Cleric jailed for raping young boy
A Muslim cleric convicted of raping a young boy as he attended Islamic education lessons at his mosque has been jailed for 16 years.
Mohammed Hanif Khan, 43, was told he must spend at least eight years in jail after being found guilty by a jury at Nottingham Crown Court of sexual activity with a child, as well as the two counts of rape.
The charges relate to two boys who attended the mosque in Capper Street, Stoke-on-Trent, where he was imam, in 2009.
Khan, of Owler Lane, Sheffield, who appeared in court wearing a black suit, blue shirt and yellow tie, was sentenced by Mrs Justice Dobbs following a three-week trial.
Mrs Justice Dobbs told Khan, who sat with his hands in his lap and his eyes cast downwards as she outlined her reasons for imposing the sentence, that he had blatantly abused the trust bestowed on him by the community as imam of the mosque.

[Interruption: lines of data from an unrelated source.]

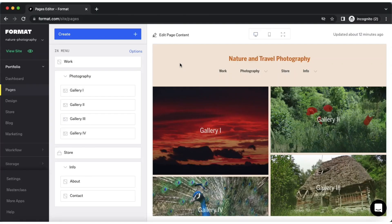Hi there, my name is Dora. I'm a Format expert and this video is to show you how to organize your gallery pages, as well as to provide you with some tips on setting your page navigation.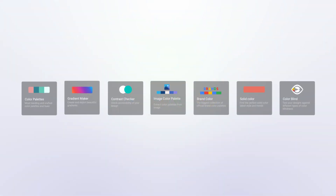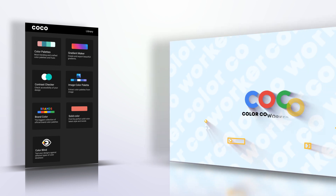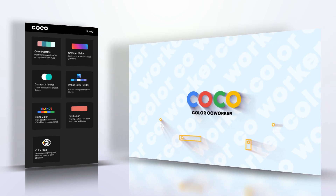Cocoa is the color co-worker in your editing workflow. Cocoa is a color palette, gradient maker, contrast and color checker, palette from image creator, and more.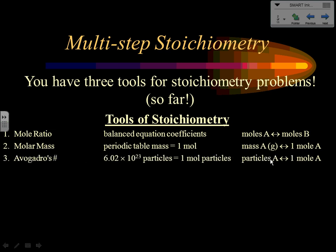The third tool involves Avogadro's number: 6.02×10²³ particles in one mole of a substance. We can convert back and forth between particles and moles. Particles can be atoms, molecules, or formula units depending on the type of substance — atomic, molecular, or ionic. In each case, we're going from particles of a substance to moles of that substance and vice versa.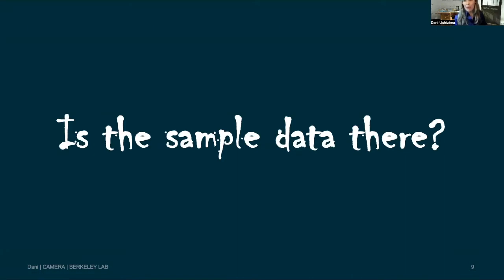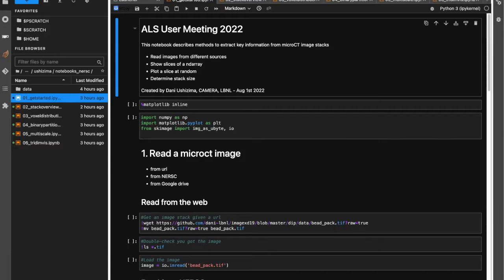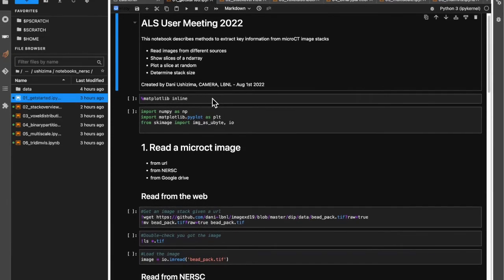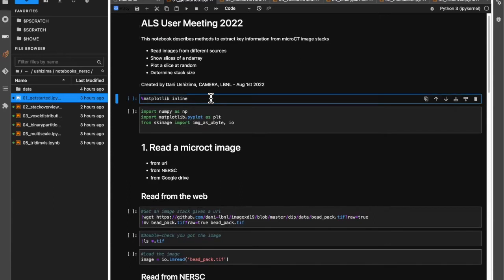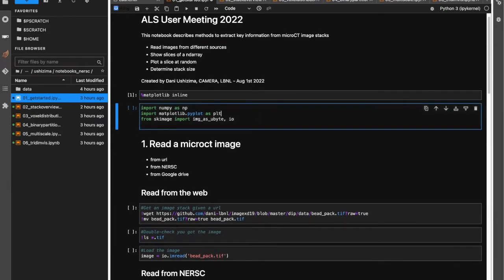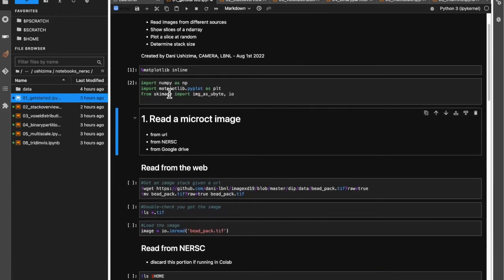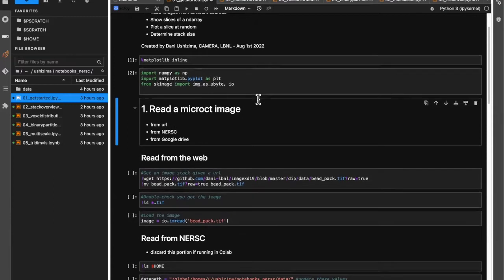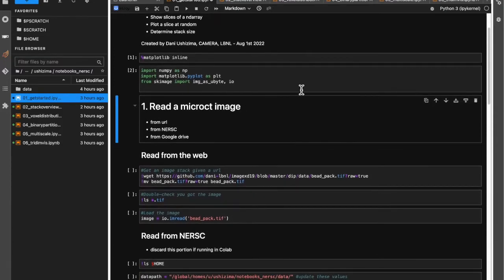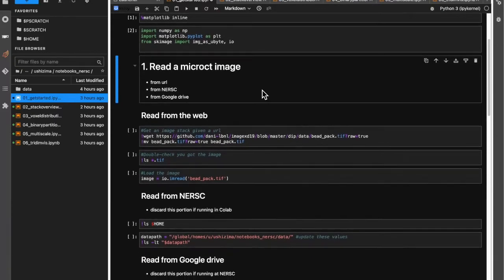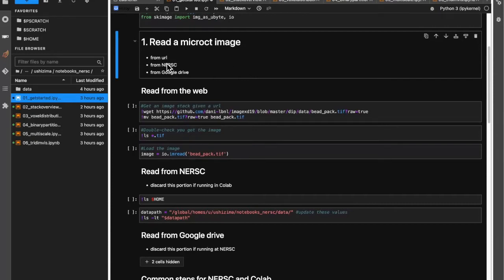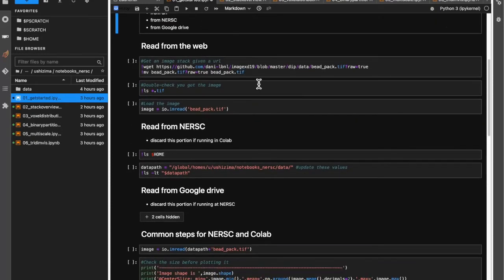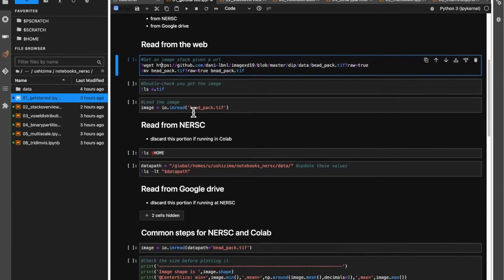Let's check: is the sample data there? Here we go — this is the first Jupyter Notebook. I'm logged in. First of all, you must have matplotlib inline so that you can see the images being plotted in the Jupyter Notebook. Here I'm running and loading all the libraries that will be necessary: numpy, matplotlib, and scikit-image. These are the three packages necessary to run this particular Jupyter Notebook. There are also options to download data using a URL with wget in case you weren't able to upload all the data.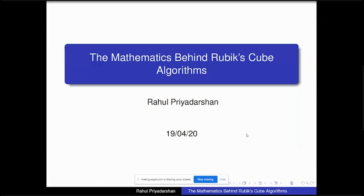The idea behind this session was just one simple Google search. I've been speedcubing for maybe two or three years now, and I've been using a lot of algorithms to solve the Rubik's cube. One question that often came to my mind was: why did those algorithms work the way they did? There has to be some reason behind that, and I was interested in knowing the mathematics behind it.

In front of a public gallery packed on one side with Khan's supporters and on the other with the victims' family members, she said: "A more serious breach of trust can't be imagined. You were the imam and not only were you the boys' teacher you were the boys' guide.
"You were taken into the hearts of the community and treated like a god. One of the boys described you as being so big you were like the queen."
For the two rape charges, she sentenced Khan to a determinate period of 16 years in prison, to serve a minimum of eight years before he could even apply to be freed, and to 12 months to run concurrently for the charge of sexual activity with a child. She also told him he would be on the sex offenders' register for life and was subject to a sex offenders' protection order.
Mrs Justice Dobbs also referred to Khan's employment prior to his post as imam at the Capper Street mosque, which was as the UK's first full-time Islamic minister at Dovegate Prison, near Uttoexeter.
She said he had resigned from this post after allegations emerged that he sexually harassed three female members of staff. This was not raised in front of the jury during the trial but was "significant" at sentencing, she said, because it served to show Khan was a serious risk to the public.